11.14.2005

Liscense Plates and Chickens

Yesterday evening I was headed to my friend Rob's place to participate in the ancient American pastime, pizza and a movie[s]. The drive there was quite peculiar. During my ten minute drive to his home, my eye never caught the view of a Louisiana license plate. There was Alabama, Texas, Tennessee, Mississippi, and even Indiana. The thought did run across my mind that those plates probably belonged to out of state visitors helping out with the hurricane efforts, but damn, it was quite peculiar.


This morning a young gentleman arrived to my house to set up an internet router that was purchased so I could get the internet on my IBook. The young gentleman was quite cute.

"Hi. I went to your neighbor's house thinking the address was 1117."

Mmm...Glad ya found it.
"I'm pretty sure I wrote 1113."

"No, you did. My bad."

"Well let me show you to the spare room."

Small talk, small talk, followed by me pulling up my screen on our Dell.

"Cool screen saver, Batman Begins. Definitely the best Batman film, and the best movie this year."

My ears perk up.
"If you like that, you should see the poster I have of that image.

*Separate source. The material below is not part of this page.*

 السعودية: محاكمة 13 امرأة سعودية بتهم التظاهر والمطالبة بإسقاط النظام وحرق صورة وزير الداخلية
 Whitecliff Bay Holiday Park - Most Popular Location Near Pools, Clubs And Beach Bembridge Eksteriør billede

It's, well, just rolled up in a tube for the past five months..."

Once again, I'm irritated over how I can't afford to frame one hell of a poster. Damn 1/10 of an inch...

Followed by once again, small talk about Batman, my IBook, and our education. Also followed by my thoughts of:

"Damn this guy's cute. Looks like Jimmy Fallon a little, but heck... I wonder if they could date a customer?"

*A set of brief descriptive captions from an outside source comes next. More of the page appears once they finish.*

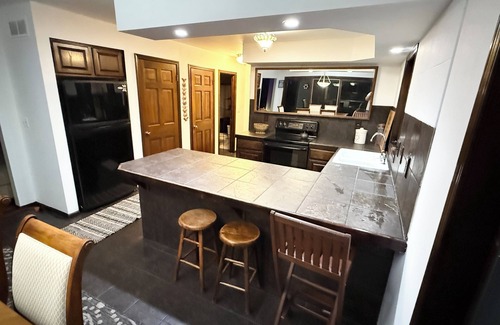 Clio House | Lakefront 5BR,3bath, private lake,nature lovers dream, Big home near Frankenmuth
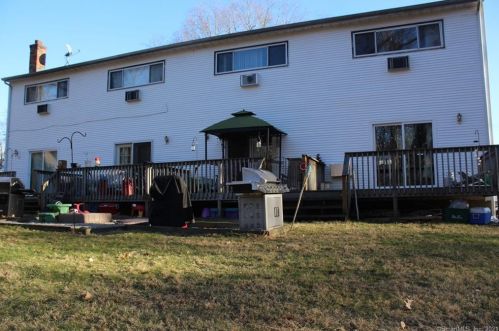 103 Woodland Dr, Uncasville, CT 06382-1533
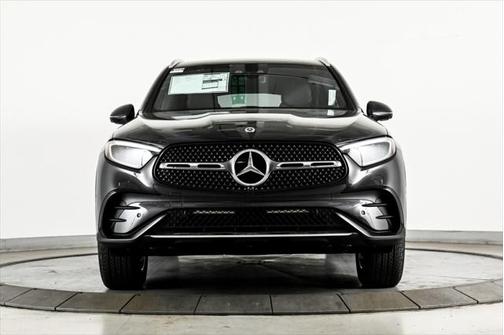 2025 Mercedes-Benz GLC 350e Base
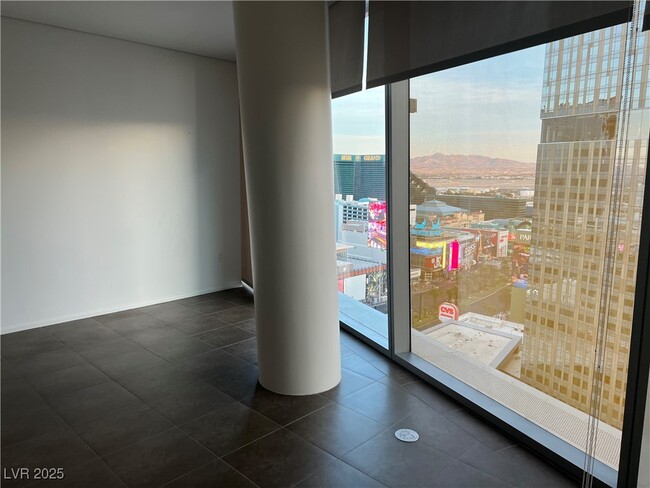 Building Photo - 3722 S Las Vegas Blvd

"Well, there's only one way to find out."

"But he's probably seeing someone. Cute guy, friendly demeanor, and pulling in, my guess, a hefty paycheck each week."


Enter computer jabber, how this works, how that works, how bad it is to have limewire on my computer (followed by a Napster suggestion. Apparently those sharing programs can end up having yo share more than music...) and more small talk.

"I bet you're wondering how is it that "this guy" can type so fast. Apparently those lonely Saturday nights are paying off."

"Oh look, he made a joke about 'lonely Saturday nights, how 'bout that."

"..."

"Well, like I said there's only one way to find out."


"And that's it. You're all set to go."

"Thanks a lot. "

We head out the room to the door. No, not that door, that's the garage door, yeah, that one."

"Oh look," he says, spotting my Nova, followed by him bending down, totally transfixed by the powers of a house-cat.

"Here's your chance!! Here's your chance!! Just ask him, ya chicken shit!!"

"Thanks a lot again."

We shake hands and he flashes one heck of a smile.

I wave him off, he waves back.

The door closes.

Ya chicken shit...

3 comments:

Unknown said...

You could always develop sudden router problems and have to call him back. "Yeah, the router just flew through the window. Weird huh?"

Stacey said...

I'm sorry, honey, I couldn't help but laugh. But hey, at least you know he's a bit of a chicken, too. Computer geeks usually are. They're also usually the most stable, faithful men alive. Or maybe it's just mine.

Drew does have a pretty good suggestion. Yank out a wire somewhere.

angie. said...

Drew, that thought had crossed my mine only minutes after he left!

I just gotta find a way to make sure it's him that shows up..."Yes, my router did just flew out the window, could you send {Bob} back?"